For example, describing her chemistry lab and comparing it with the physics lab, Kamala noted, 'a lot of chemistry is knowing what reagent to add in excess, and what does not need to be added in excess. And they will explicitly state, i.e., the lab TA, before we start the lab, why are we adding this in excess? Because XYZ reason. Or why are we... even there, maybe there were some points that were lost in translation but even there I felt like I understood more of why I was doing something than I did in physics lab.'
Reminiscing about a physics lab experiment that she already had a good grasp of before doing it, Kamala stated, '... there's some labs that are more obvious to us. Like the eye one, there's a lens. Probably because I have done a similar thing in high school, so this was the second time around, so it is more likely I'd understand. But it was more apparent to me what was happening. We were pumping fluid into the eye, so we could see the lens changing shape, right? So if you know enough conceptual things, like this is a lens, you are more likely to understand why you are doing something.' She contrasted it with physics labs in which she had great difficulty understanding anything due to her unfamiliarity with relevant concepts before doing the lab and the fact that no incentive or support was provided to understand them. For example, about the diffraction grating lab she recently encountered, she stated, 'especially when we encounter a machine like we did this past week, there's really nothing in your past education that shows you what this machine is supposed to be doing. At least for me, it was not necessarily clear what we were supposed to be doing. There was a thing you were looking through, and there was another tube, and an angle you were changing. I get that light is hitting this plane that is reflecting back at us, but I think that clarity about knowing this is what's happening was not there. It was kind of magical, right? Like, we turned it and... somehow we got a diffraction grating. But I could not tell you why exactly I was doing each step.'
Kamala also had similar views about her chemistry and physics lab reports and stated, 'our lab reports in chemistry are more conceptual. The questions we are asked are more like, why do you do this? .... It is not like, take this data and do a bunch of calculations and give us numbers. That's what our lab reports are like in physics.' On the other hand, about her physics lab she felt, 'because the evaluation is not conceptual, we are less likely to push ourselves to understand why something is happening'.
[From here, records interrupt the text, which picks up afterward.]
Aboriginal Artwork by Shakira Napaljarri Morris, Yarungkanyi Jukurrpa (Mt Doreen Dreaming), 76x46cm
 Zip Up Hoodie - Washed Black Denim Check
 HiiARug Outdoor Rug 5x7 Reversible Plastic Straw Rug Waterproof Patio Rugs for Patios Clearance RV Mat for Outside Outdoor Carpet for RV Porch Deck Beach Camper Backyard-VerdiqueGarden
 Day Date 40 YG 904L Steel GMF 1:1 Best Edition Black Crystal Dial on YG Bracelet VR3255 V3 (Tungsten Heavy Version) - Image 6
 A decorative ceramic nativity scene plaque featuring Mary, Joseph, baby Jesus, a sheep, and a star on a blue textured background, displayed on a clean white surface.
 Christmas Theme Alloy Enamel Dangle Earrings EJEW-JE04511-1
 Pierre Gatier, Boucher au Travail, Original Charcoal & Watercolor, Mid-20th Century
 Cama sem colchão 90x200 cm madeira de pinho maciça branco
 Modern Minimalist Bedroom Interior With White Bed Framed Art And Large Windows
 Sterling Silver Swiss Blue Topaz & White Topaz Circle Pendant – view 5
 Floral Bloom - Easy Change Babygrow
Zara recalled that her bio labs motivated all students to understand concepts well by requiring poster presentations, stating, 'the other labs that I have been in are SEA-PHAGES in the biology department.... At the end of those labs, the end result is producing a poster. In that sense, everyone has to understand what's going on because you are presenting it to other people. When you have the poster presentation, one person does one section, and another person can do another section, but they also encourage students to understand the entire poster themselves, too.' Physics departments should also consider giving similar opportunities to students to present in poster format to their fellow students and instructors.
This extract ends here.